A widely anticipated productivity boom from artificial intelligence may have the opposite effect on interest rates than many investors expect, a top Federal Reserve official warned.
Chicago Federal Reserve President Austan Goolsbee challenged the prevailing view that artificial intelligence will usher in an era of lower interest rates, arguing Friday that widespread expectations of a productivity boom could instead fuel inflation and force the central bank to keep policy tight.
"The bigger the hype, the bigger the concern," Goolsbee said at the Hoover Institution’s annual monetary policy conference. If an expected boom fails to materialize after pulling demand forward, "you can easily get stagflation," he said.
Goolsbee’s comments stand in stark contrast to the disinflationary narrative championed by figures like Kevin Warsh, who is a contender to be the next Fed chair. While proponents argue AI mirrors the 1990s internet boom that helped tame inflation, Goolsbee noted the Fed under Alan Greenspan raised rates six times between 1999 and 2000 as anticipated gains overheated the economy.
The debate injects a new layer of uncertainty into the path of monetary policy, which has held the federal funds rate in a 5.25% to 5.50% range since July 2023. If Goolsbee is right, markets may be mispricing the risk that the AI boom, rather than providing relief, could be the very thing that keeps rates higher for longer.
The Peril of Anticipation
Goolsbee’s core argument hinges on a distinction between surprise productivity gains and widely anticipated ones. When gains are a surprise, as was arguably the case with the internet's initial rollout, they can be disinflationary. But when gains are hyped for years in advance, he argued, the economic effects can flip.
"When gains are widely anticipated, as they are today with enthusiasm reflected across financial markets and corporate balance sheets, households and businesses pull spending and investment forward before the productivity boost arrives," Goolsbee explained. This dynamic, he says, overheats the present economy.
He pointed to survey data from the Federal Reserve of Chicago showing that economists, tech workers, and the public all expect about one percentage point of additional productivity growth annually over the next decade due to AI. This collective belief could already be influencing behavior, with Goolsbee watching for wealth effects from rising asset prices, increased costs for land and chips from a data-center construction boom, and potential declines in labor-force participation.
A Tale of Two Scenarios
The Chicago Fed president’s warning outlines two primary paths, neither of which involves the easy rate cuts investors have hoped for. In the first scenario, the AI boom delivers on its promise. The resulting economic expansion and forward-pulled demand would likely generate inflation, forcing the Fed to maintain or even increase interest rates.
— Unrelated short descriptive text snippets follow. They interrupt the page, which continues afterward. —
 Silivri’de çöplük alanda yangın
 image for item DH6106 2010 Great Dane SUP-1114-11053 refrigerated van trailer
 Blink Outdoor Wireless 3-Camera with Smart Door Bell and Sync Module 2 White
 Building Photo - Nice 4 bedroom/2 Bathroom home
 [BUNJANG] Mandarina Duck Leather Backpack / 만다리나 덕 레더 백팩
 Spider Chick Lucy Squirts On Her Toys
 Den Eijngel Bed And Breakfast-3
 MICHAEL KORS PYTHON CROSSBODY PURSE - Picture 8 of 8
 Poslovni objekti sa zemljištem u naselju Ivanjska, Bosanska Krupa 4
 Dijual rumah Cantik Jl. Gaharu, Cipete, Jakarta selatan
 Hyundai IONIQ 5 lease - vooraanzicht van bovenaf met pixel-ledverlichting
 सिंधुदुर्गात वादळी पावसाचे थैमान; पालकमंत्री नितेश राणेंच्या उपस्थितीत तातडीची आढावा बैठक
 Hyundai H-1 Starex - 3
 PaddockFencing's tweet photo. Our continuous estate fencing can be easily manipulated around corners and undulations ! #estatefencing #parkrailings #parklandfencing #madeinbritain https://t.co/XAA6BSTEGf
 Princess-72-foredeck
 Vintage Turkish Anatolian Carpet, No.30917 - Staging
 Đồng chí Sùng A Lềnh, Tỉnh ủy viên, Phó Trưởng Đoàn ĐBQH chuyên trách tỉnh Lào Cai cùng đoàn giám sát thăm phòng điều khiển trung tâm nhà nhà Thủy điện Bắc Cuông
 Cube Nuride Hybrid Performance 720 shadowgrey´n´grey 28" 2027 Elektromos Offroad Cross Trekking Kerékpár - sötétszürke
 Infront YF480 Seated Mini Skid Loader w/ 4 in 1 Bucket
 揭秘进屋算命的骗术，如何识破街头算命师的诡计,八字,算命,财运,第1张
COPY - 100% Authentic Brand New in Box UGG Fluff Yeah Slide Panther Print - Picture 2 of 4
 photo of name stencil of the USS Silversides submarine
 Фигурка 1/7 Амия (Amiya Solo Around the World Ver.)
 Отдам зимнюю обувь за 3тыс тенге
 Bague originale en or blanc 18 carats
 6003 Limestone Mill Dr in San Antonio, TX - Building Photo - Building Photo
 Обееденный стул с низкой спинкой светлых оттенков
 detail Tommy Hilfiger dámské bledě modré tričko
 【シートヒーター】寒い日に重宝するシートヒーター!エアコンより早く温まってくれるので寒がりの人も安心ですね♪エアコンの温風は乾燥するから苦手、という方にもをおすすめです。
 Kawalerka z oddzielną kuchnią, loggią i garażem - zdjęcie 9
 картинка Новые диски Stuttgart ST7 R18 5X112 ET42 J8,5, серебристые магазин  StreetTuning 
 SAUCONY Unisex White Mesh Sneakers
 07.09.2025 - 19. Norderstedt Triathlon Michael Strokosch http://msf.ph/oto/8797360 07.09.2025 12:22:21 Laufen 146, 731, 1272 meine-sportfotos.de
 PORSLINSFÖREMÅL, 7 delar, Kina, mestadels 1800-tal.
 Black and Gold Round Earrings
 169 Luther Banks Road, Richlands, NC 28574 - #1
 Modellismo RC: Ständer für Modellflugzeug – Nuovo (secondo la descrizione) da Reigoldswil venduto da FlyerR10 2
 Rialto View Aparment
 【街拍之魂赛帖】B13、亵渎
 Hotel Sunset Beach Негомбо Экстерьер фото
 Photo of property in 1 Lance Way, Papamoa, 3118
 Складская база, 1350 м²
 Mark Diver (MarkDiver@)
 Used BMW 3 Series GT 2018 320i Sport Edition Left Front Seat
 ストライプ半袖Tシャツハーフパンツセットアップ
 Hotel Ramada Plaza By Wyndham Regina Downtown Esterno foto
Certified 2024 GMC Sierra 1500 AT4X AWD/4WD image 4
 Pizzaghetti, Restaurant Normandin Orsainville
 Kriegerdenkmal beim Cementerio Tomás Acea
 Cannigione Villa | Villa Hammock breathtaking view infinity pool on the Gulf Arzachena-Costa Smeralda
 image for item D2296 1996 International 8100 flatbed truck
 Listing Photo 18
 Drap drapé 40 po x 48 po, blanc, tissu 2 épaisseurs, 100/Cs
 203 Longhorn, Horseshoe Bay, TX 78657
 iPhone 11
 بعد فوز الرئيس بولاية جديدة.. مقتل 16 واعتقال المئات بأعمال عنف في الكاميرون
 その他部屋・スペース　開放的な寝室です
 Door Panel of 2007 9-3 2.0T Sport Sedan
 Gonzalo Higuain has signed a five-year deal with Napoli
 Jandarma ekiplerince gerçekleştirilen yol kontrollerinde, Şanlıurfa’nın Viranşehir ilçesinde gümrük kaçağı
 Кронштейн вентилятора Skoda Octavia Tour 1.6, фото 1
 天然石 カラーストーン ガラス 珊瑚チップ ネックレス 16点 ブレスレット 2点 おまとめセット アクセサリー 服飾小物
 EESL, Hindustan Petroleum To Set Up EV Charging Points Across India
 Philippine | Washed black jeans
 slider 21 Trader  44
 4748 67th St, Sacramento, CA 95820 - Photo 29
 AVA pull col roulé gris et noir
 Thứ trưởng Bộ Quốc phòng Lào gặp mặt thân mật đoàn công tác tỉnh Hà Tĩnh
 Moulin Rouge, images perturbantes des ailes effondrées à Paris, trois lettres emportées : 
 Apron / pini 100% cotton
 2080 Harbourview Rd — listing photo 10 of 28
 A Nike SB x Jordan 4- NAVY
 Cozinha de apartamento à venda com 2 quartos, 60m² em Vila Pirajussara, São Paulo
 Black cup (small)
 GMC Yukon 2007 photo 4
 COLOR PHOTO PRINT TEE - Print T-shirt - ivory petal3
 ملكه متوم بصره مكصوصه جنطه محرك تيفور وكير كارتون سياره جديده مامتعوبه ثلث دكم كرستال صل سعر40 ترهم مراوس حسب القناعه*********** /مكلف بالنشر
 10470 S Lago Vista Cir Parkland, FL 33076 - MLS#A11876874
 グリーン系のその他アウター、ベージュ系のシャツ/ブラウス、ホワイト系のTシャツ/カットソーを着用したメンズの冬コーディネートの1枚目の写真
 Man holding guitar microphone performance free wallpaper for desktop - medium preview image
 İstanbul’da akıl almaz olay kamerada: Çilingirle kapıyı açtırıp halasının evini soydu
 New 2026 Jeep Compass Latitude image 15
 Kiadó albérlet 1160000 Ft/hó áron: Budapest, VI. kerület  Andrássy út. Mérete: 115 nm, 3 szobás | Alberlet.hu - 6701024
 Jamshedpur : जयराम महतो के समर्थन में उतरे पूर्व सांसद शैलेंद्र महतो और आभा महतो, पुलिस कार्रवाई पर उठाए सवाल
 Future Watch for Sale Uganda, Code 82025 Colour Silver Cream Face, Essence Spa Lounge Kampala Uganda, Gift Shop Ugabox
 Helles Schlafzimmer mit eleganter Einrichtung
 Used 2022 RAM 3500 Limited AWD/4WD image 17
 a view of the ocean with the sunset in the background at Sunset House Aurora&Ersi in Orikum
In the second, more perilous scenario, the boom disappoints. If the economy overheats on expectations that are never met, the result is persistent inflation colliding with a sharp economic slowdown—the textbook definition of stagflation.
This view, however, is not universally held within the Fed. Governor Christopher Waller, speaking on the same panel, pushed back, noting that the "wealth effect" channel Goolsbee described has not been a reliable predictor in economic models. Others, like University of Chicago economist Luigi Zingales, suggested that household fears of job losses to AI could prompt higher savings, counteracting the spending impulse. A recent Atlanta Fed analysis also found that AI investment is highly concentrated, with the mean spending across firms being 14 times the median, suggesting the boom is not yet broad-based.
Market Implications
The debate complicates the outlook for investors who have largely bought into the "AI is disinflationary" narrative. That view posits that AI will create efficiencies, reduce costs, and ultimately allow the Fed to lower borrowing costs. Some analyses even suggest AI could lower mortgage rates by compressing the administrative costs and default risks embedded in lending spreads.
Goolsbee’s framework presents a significant challenge to this consensus. It suggests that the very enthusiasm for AI that has propelled markets could be sowing the seeds of its own policy-induced correction. While markets are currently pricing in potential rate cuts later in the year, Goolsbee's logic implies that the bar for such easing may be higher than many believe.
This article is for informational purposes only and does not constitute investment advice.